Content starts

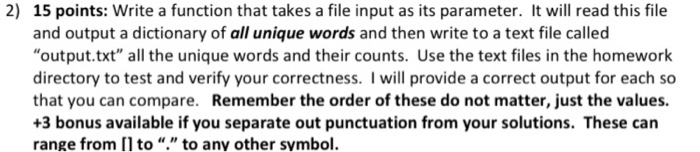Solved 2) 15 points: Write a function that takes a file | Chegg.com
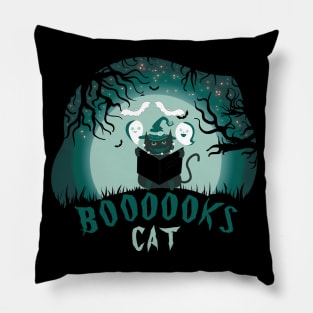 cat and Ghost Book Reading Halloween funny gifts Pillow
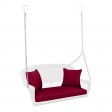 White Resin Wicker Porch Swing with Red Cushion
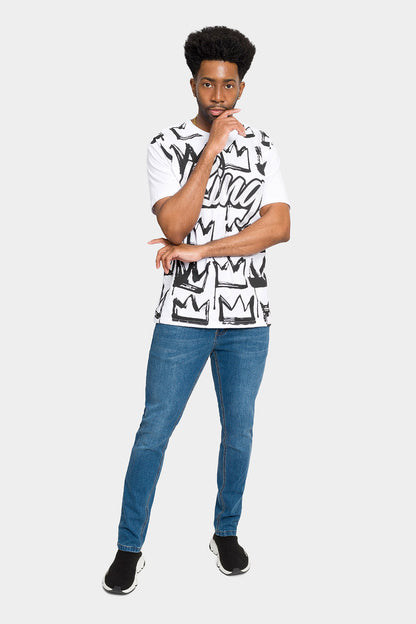 Rhinestone Studded Crowned King T-Shirt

Content ends

Repeat the listing above word for word. Do not include the pictures.

Answer to the problem:
Solved 2) 15 points: Write a function that takes a file | Chegg.com
 cat and Ghost Book Reading Halloween funny gifts Pillow
 White Resin Wicker Porch Swing with Red Cushion
 Rhinestone Studded Crowned King T-Shirt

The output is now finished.